Solitary bees and wasps in your own backyard!

Honey Bee Research & Extension Lab      


Step #3: Monitor Your Nest Site

         Congratulations! Your nest site is up and you are ready to start monitoring. Keep an eye on it, you may already have bees and wasps nesting in your sites! Here is how you can catch the buzz and upload those valuable data for us. Have fun, buzz-watchers! Once you have collected your data, just click the button to send your data to us!

Identify the Nesting Tunnel

           In order to tell if your nest is occupied look to see if the tunnel is capped off with nesting material. Common nesting materials include mud, grass, resin and leaves. It may take less than a day or more than a week for a bee or wasp to finish nesting in a site by capping the front with material.

         The two pictures on the left are typical examples of mud capping. However, the nesting material used in the same site will not always be the same, as you will likely have more than one species nesting in your site.

         Click the photo on the right to see more detail. The red circled holes are capped with mud, while the green circled holes are capped with grass.

Data Collection

         If you are ready to collect data on bee and wasp emergences, place a vial over the hole that was capped off by the nesting bee or wasp. This can be done by taking a vial cap and putting a hole in it to fit the hole that was nested in. Use a hammer and nails, push-pin or stapler to attach the lid to the block oriented so that the vial can snap back on to the attached lid.

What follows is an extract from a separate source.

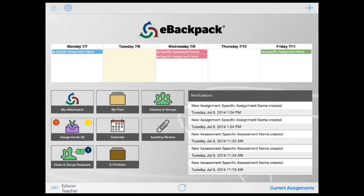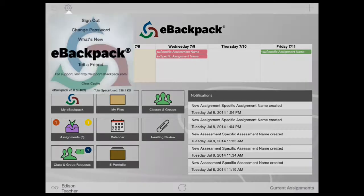First, select the gear in the upper left. Here you can sign out, change your password, access our blog through What's New, tell a friend about eBackpack, get help from our support site, and view which version of the app you are currently running.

         For bamboo or other types of straws you can use tape, foam or some other material to attach a vial around the front of the straw.

         To better organize your data, print out the Data Monitoring Form to download or hand draw your own. Cut out an individual label from the form. When you notice a hole has been nested in, fill out any fields you can and place the label inside the vial. When you notice a bee or wasp has emerged, fill out the rest of the label information. Or you can purchase waterproof labels and waterproof pen to record the data outside the vials as illustrated below.

Data Recording & Species Identification

Key Elements:

1) Date of nesting

The date that you discovered a bee or wasp nesting in the hole (Install a vial for capturing).

2) Date of emergence

The date that the bee or wasp came out of the hole into the vial.

3) Tube material

What material is the tube made of?

4) Nesting material

What material did the bee or wasp use to cap the hole?

5) Hole size

The size of the hole: small (1/8'' or 3.18mm),medium (3/16'' or 4.76mm), and large (3/8'' or 9.53mm). If you purchased your blocks from a commercial supplier, measure the inside diameter of the holes and record them as 'other'.

6) Height from ground

How high is this hole from the ground?

7) ID the species

The identification of the bee or wasp that you caught.

a. You can consult the resources from our 'ID Guides & Keys' some of the resources may require a microscope and technical knowledge.

b. You can submit a photo* to or a similar identification website, if you submit the photo to a third-party identification resource, please let us know and ask them to "tag" the photo as UFNB so we can search for the data.

c. You are welcome to consult us by sending us photos or overnight frozen preserved specimens during your data uploading. Upload pictures of the bee or wasp and we can try to identify them for you or we will submit them to an online resource to be identified.

*You can place the bee or wasp in the freezer for a short time (5-10 minutes) this will slow them down enough to take a picture of them without them dying or flying away.